The problem: git add -A stages every uncommitted change in the working tree, including pre-existing changes from other branches or prior work. This was hit twice in one session during PR #1472 review, producing a 59-file commit instead of the intended 2-file targeted fix.

The check: Run git status --porcelain first. If output is non-empty, identify which files are PR-related vs pre-existing uncommitted changes.

The rule: Stage files explicitly by path when the working tree contains files unrelated to the PR. For example:

git add src/foo.ts tests/foo.test.ts

Never use git add -A when the working tree has pre-existing changes from other branches or prior work sessions.

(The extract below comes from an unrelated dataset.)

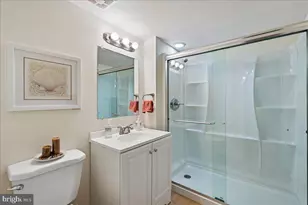 2811 School St, Alexandria, VA 22303 - Photo 29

Reference: Caught during PR #1472 Round 1 closure.

Intake Surfaces

Build a complete feedback ledger before editing. Include every available source:

validated findings and operational blockers handed off from swarm-pr-review,
pasted user or reviewer feedback,
GitHub review threads, inline review comments, and review summaries,
PR issue comments and requested-changes reviews,
CI/check failures, check annotations, and relevant logs,
mergeability, conflicts, base drift, and stale PR branch state,
local validation failures,
PR body checkboxes, test-plan claims, linked issues, and acceptance criteria,
commit history and bot/app commits on the PR branch.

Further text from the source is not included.